Datalab 04: Perceptron

In today's DataLab session you are going to apply the perceptron algorithm to the youth care dataset.

Perceptron

Figure 1. Another perceptron…

I found another example of a ‘perceptron' online. Apparently, this version helps you to discover, and explore your ‘psychic abilities', interesting to say the least .

Learning Objectives:

Apply appropriate pre-processing techniques to the youth care dataset
Train, and evaluate the perceptron on the youth care dataset

Table of contents:

Oosterhout Dataset: Perceptron: 4 hours
Additional material (optional): 3 hours 2.1 Perceptron: Activation functions 2.2 Feature scaling
In-Class discussion

Questions or issues?

If you have any questions or issues regarding the course material after the Q&A, please first ask your peers or ask us if you can't figure it out together!

Good luck!

0) Stand-up

We start by hosting a stand-up. Form groups of ~ 5 and run on-another through the following points:

What progress have you made up since last datalab?
What progress do you anticipate to make today?
What impediments are you facing or expecting?
With what could you use help or support?

Open your worklog and plan your day informed by the stand-up and today's schedule

1) Q & A

We start by briefly reflecting on what we learned about classification algoritms, overfitting and the bias-variance trade-off. Do you have any questions? Now is the time to ask them!

1) Oosterhout Dataset: Perceptron

Document your code

Write your argumentation down in a in-line comments; and for every line of code: write an in-line comment explaining what the line of code does exactly. Figure 1. below is a good demonstration of documented code.

The example script I provided in Data Science 1 is also a good example of how to document your code; albeit that one was done in R.

Open your python file (MachineLearning_OosterhoutModels_…) used for the final delivery of your model.
Load in the youthcare dataset you created in Business Intelligence if you haven't done so already. Load in any other data you might need. Then save your file to your GitHub repository.
Open your research design and use in-line comments to formulate a classification analysis using the perceptron algorithm based on your research question (or when not answerable using this type of analysis: perform an analysis related to your research question). Start by listing the variables which you think could predict the outcome variable you're interested in and motivate why you think they might predict your outcome variable.
Implement the perceptron algorithm. You can either choose to use the Python code from Codecademy, which implements the original perceptron by Rosenblatt or you can use the scikit-learn function (linear_model.Perceptron()), which implements a more modern version of the perceptron (see Additional material section!).
Test, re-fit and validate your model. Create a new model on a new line for every re-fit. Keep track of any predictor variables you exclude from the full model when re-fitting. Motivate why you are excluding; or including new variables using in-line comments.
Continue till 16:00, or stop when you feel you can no longer improve the model. Then save your file to your GitHub repository.

2) Additional material (optional)

The perceptron has many different implementations, also referred to as architectures. Today, we will focus on one element of the perceptron architecture, the threshold or activation function.

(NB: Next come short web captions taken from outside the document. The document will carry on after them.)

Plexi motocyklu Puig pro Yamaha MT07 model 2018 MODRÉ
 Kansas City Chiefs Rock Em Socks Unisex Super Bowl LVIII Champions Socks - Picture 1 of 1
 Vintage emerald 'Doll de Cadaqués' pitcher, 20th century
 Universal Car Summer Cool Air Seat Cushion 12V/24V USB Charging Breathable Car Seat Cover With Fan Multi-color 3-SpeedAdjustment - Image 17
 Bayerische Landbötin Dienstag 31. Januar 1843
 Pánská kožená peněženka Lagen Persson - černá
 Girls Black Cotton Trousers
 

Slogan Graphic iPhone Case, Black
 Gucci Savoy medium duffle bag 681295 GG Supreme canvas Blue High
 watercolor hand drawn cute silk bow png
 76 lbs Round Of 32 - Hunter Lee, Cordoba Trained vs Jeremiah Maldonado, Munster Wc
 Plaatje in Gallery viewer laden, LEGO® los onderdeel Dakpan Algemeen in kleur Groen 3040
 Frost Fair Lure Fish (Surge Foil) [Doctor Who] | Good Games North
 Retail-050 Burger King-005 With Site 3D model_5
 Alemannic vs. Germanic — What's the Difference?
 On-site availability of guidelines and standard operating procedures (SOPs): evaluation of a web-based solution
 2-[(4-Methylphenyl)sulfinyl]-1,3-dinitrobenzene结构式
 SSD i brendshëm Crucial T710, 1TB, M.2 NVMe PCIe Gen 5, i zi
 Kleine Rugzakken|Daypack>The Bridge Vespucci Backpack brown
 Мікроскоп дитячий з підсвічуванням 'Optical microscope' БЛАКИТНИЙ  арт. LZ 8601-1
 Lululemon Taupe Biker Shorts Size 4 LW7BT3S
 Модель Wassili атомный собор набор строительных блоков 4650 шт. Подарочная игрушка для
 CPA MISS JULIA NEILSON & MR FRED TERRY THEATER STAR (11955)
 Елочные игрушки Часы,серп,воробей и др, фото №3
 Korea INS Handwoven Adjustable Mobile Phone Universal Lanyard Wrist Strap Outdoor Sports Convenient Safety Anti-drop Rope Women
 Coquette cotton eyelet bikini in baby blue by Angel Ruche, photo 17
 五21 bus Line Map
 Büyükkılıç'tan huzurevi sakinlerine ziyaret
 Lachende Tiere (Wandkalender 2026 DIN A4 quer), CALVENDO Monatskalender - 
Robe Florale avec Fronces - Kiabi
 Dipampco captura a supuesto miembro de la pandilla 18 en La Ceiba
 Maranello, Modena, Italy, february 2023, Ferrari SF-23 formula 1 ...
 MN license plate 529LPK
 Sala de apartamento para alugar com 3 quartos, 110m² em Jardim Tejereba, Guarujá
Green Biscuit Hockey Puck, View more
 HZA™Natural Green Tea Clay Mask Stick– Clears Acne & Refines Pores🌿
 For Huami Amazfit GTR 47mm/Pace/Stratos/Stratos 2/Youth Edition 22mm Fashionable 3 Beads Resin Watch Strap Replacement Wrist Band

2.1 Perceptron: Activation functions

As you may have read, one of the main elements of the perceptron algorithm is the activation function. There are three types of activation functions: non-differentiable, subdifferentiable, and differentiable:

1. Non-differentiable (Gradient descent ):

Heaviside, or unit step

The original perceptron developed by Rosenblatt uses this particular activation/threshold function. This variation of the perceptron only accepts binary (i.e. 0 or 1) input variables, and its activation function is non-differentiable. Meaning, gradient descent will not help to optimize the performance of the model because the gradients are almost always zero (except when x = 0).

Function	Plot	Equation	Derivative
Heaviside/Unit Step

Figure 2. Heaviside activation/threshold function.

Limitation of the Heaviside function, exemplified:

A small change in the weights and/or biases in the network can cause the output of the perceptron to radically change from 0 to 1 (i.e. change category!) Solution: Differentiable or sub-differentiable activation function.

Learning algorithms sound terrific. But how can we devise such algorithms for a neural network? Suppose we have a network of perceptrons that we'd like to use to learn to solve some problem. For example, the inputs to the network might be the raw pixel data from a scanned, handwritten image of a digit. And we'd like the network to learn weights and biases so that the output from the network correctly classifies the digit. To see how learning might work, suppose we make a small change in some weight (or bias) in the network. What we'd like is for this small change in weight to cause only a small corresponding change in the output from the network. As we'll see in a moment, this property will make learning possible.
If it were true that a small change in a weight (or bias) causes only a small change in output, then we could use this fact to modify the weights and biases to get our network to behave more in the manner we want. For example, suppose the network was mistakenly classifying an image as an "8" when it should be a "9". We could figure out how to make a small change in the weights and biases so the network gets a little closer to classifying the image as a "9". And then we'd repeat this, changing the weights and biases over and over to produce better and better output. The network would be learning.
The problem is that this isn't what happens when our network contains perceptrons. In fact, a small change in the weights or bias of any single perceptron in the network can sometimes cause the output of that perceptron to completely flip, say from 0 to 1. That flip may then cause the behaviour of the rest of the network to completely change in some very complicated way. So while your "9" might now be classified correctly, the behaviour of the network on all the other images is likely to have completely changed in some hard-to-control way. That makes it difficult to see how to gradually modify the weights and biases so that the network gets closer to the desired behaviour. Perhaps there's some clever way of getting around this problem. But it's not immediately obvious how we can get a network of perceptrons to learn (Nielson, December 1, 2019).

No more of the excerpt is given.